-- Supplied material --

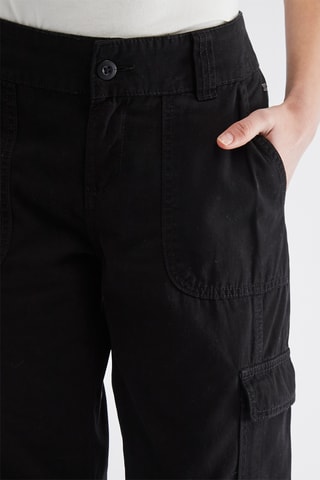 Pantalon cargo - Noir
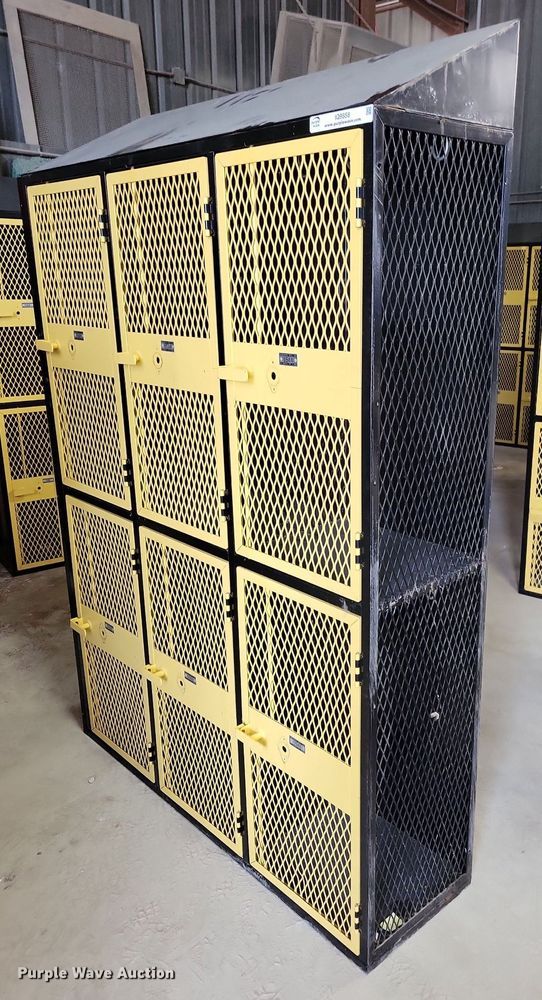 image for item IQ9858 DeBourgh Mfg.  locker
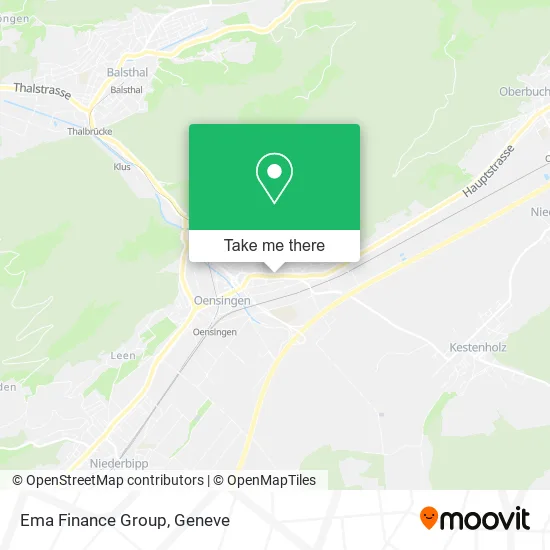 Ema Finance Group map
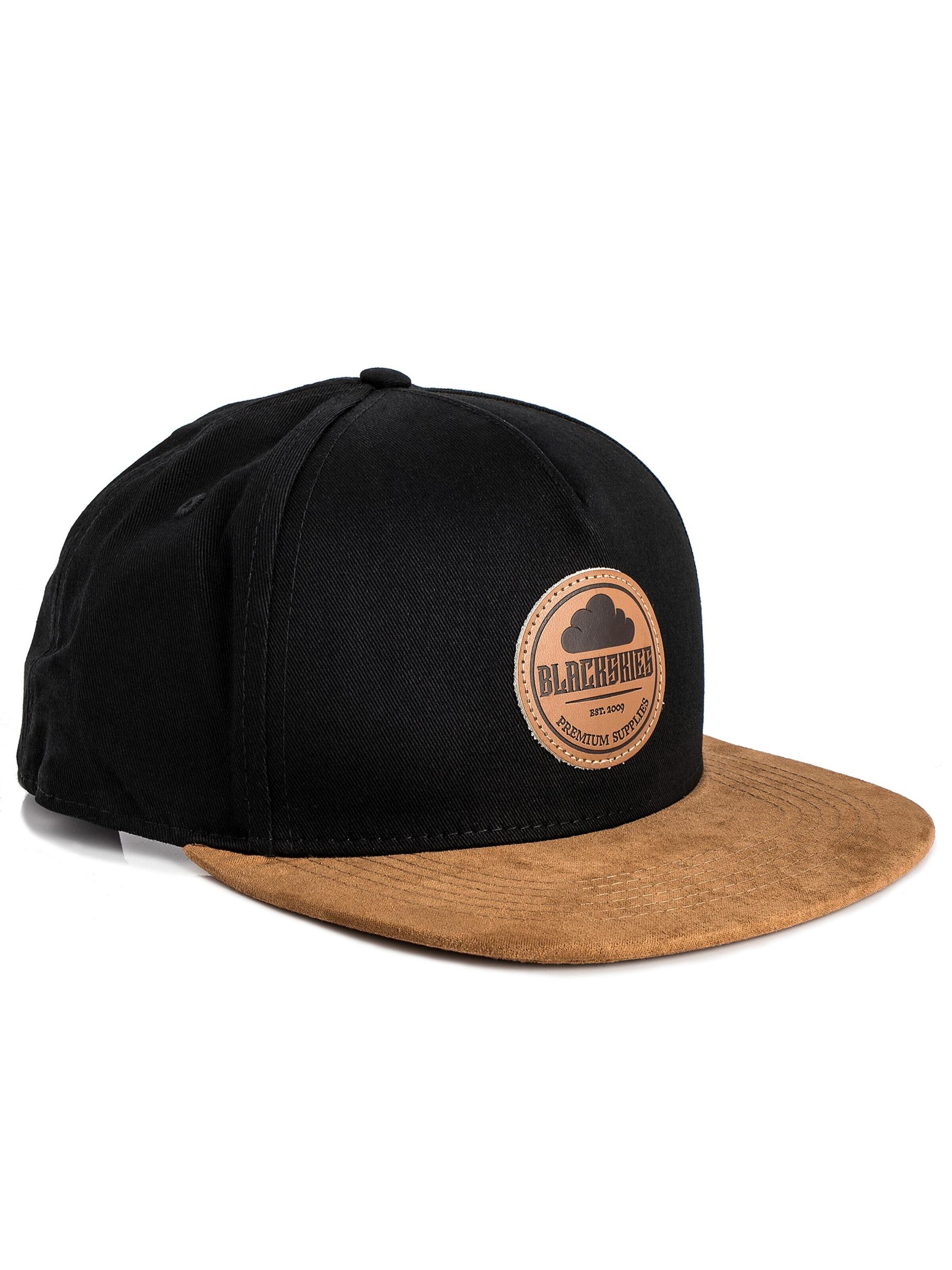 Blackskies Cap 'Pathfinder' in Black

==

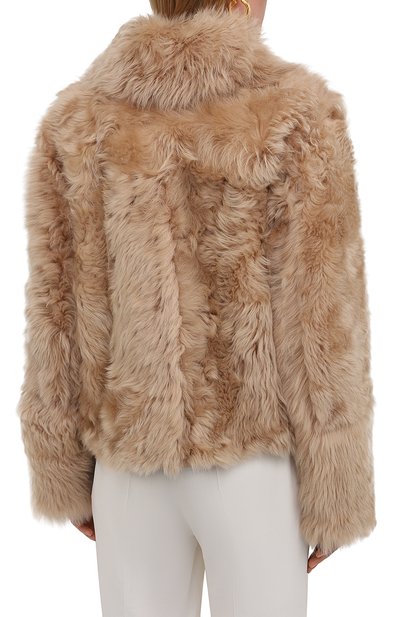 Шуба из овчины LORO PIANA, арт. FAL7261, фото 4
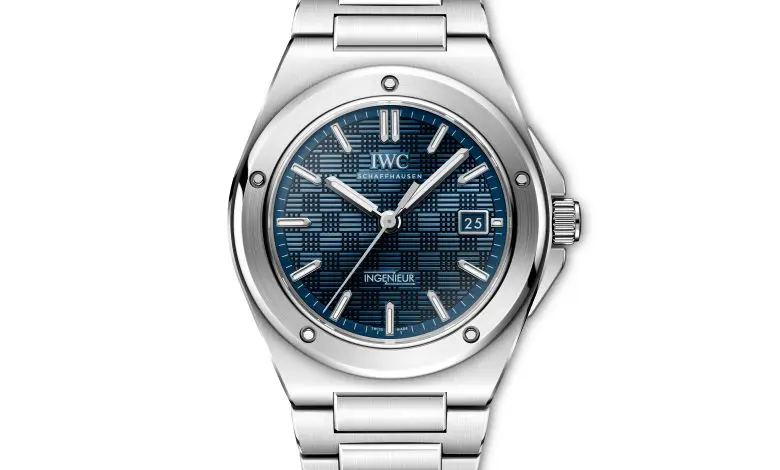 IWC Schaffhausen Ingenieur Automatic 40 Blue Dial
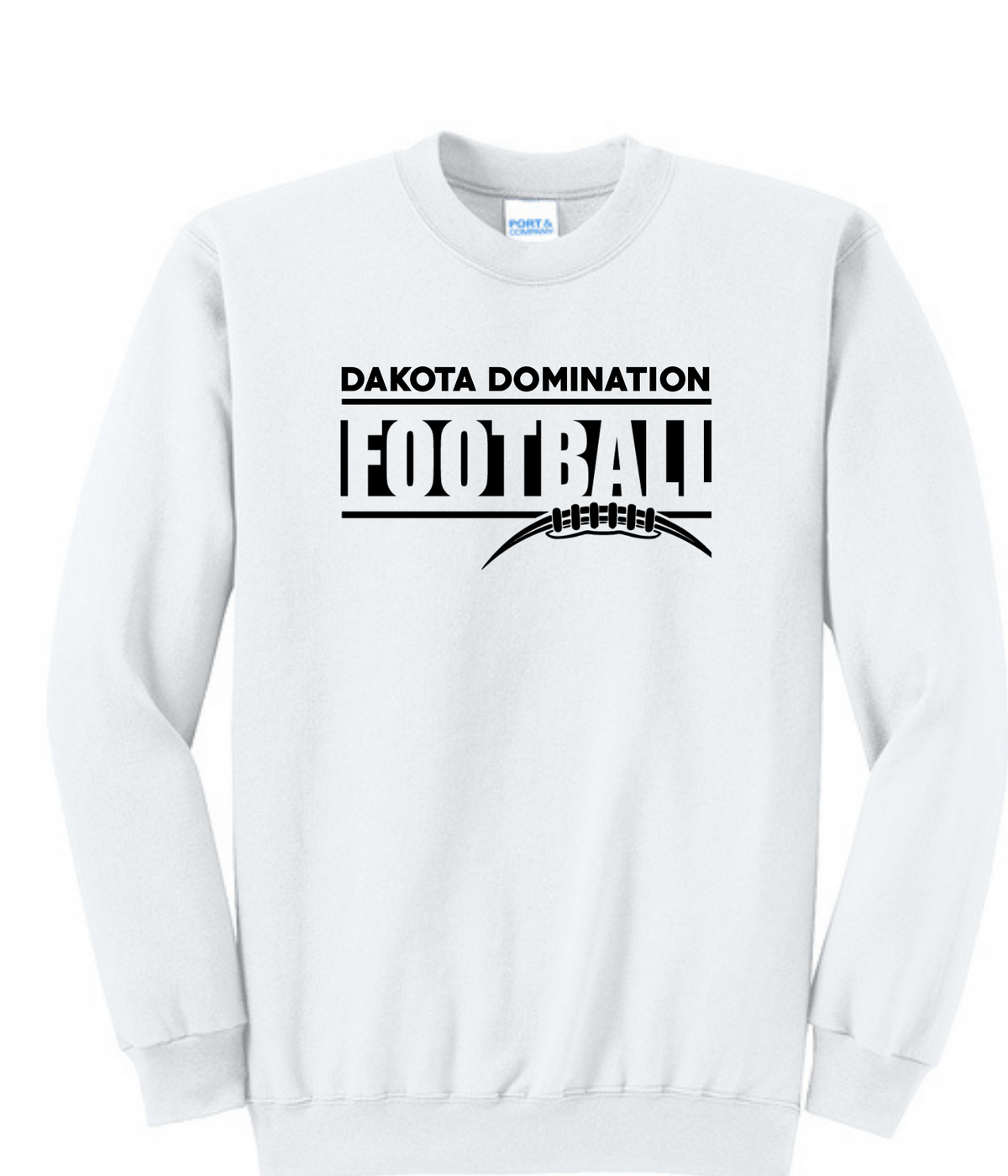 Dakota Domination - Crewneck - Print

* * *

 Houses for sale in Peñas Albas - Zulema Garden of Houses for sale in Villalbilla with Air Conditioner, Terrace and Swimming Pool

-- Task requirements --
Copy word for word the lines above, starting at the line containing "Pantalon cargo - Noir" and ending at the line containing "Blackskies Cap 'Pathfinder' in Black", inclusive, with no pictures.

-- Expected answer --
 Pantalon cargo - Noir
 image for item IQ9858 DeBourgh Mfg.  locker
 Ema Finance Group map
 Blackskies Cap 'Pathfinder' in Black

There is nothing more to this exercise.